Parenting Adolescents Through Middle-School Despondency

There can be sadness from three losses that adolescence can unhappily bring.

Key points

  • Around middle school, young adolescents can feel sadness from three developmental losses.
  • There are losses of childhood identity, family attachment, and easy relationships with friends.
  • Parents can encourage positive ways the child can connect to themselves and others during this transitional time.
Source: Carl Pickhardt, Ph.D.
Source: Carl Pickhardt, Ph.D.

There can be a mix of sadness and anxiety in a young person at the outset of adolescence (around ages 9–13) from the emotional price this major developmental change demands.

To move on, one must let go of how childhood comfortably used to be and begin to dare redefining in older, uncertain, and more challenging social terms. It can feel discouraging at times.

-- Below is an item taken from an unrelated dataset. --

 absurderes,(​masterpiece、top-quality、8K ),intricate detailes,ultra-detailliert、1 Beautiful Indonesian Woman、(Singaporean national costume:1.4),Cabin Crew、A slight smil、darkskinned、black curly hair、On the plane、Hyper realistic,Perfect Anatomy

Suffering from the demands of growing change, experiences of despondency can sometimes ensue, the young person feeling like an oddball or loner trapped in a sad and scary emotional place.

Many years ago when I started counseling this age group in what was then a junior high back east, that’s what I thought this stage of the educational passage was for many young people—a school of misfits.

Entering Adolescence

Growing up requires giving up and moving on. There is no painless other way. As a consequence of this necessary change, three losses can sadden the young person as treasured connections that formerly supported contentment and self-esteem can feel broken:

  • There is loss of childhood identity: “I can never go back to being a little child again.”
  • There is loss of family attachment: “I’m not as close and companionable with my parents.”
  • There is loss of easy relationships with friends: “Instead of playmates, now I must fit in with peers.”

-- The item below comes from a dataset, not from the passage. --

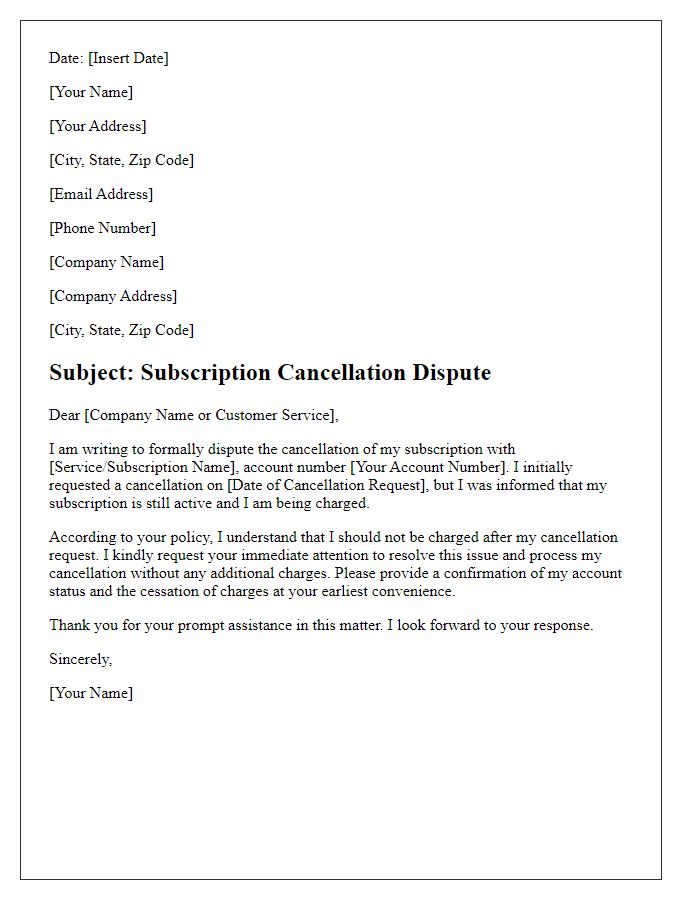 Letter template of subscription cancellation dispute.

While there is interest, enjoyment, and excitement in pursuing the challenges of acting older, this advancement does not come free of charge. For many young people, particularly during the vulnerable middle-school years, this transition can bring sad and anxious feelings until adjustment to older functioning is made.

Consider these inevitable three losses one at a time.

Loss of Childhood Identity

While the child was content to be traditionally defined as younger, puberty revolutionizes self-concept in adolescent terms. Now bodily changes cause surprising physical growth; the onset of sexual maturity creates sexual interest; and the need to act older alters social identity. Not only do emotions and urges become more intense, but also, as expectations to act socially older increase, self-dissatisfaction rules: “I’m not as grown up as I need to be!”

Now, preoccupation with physical appearance and social dress begin to take center stage in the young person’s life, each day beginning with that painful mirror encounter to see the appearance one has to take to school for everyone to see. Now there is danger of embarrassment from more self-consciousness as how one looks assumes increasing social importance. And now relationship with the other sex feels more awkward but important to have, while popular youthful media icons of how to appear and dress become more powerful: “I wish I looked like that!” As appearance becomes wed to popularity, the social contentment of childhood can feel very far away.

Loss of Family Attachment

Adolescence disenchants the parent–child relationship. As the child pulls away (socially separates) for more independent room to grow, parents must deliberate when to still hold on and when to start doing more letting go. Gatekeepers to growing freedom they become, sometimes frustrating the young teenager on that account: “You never let me do anything!”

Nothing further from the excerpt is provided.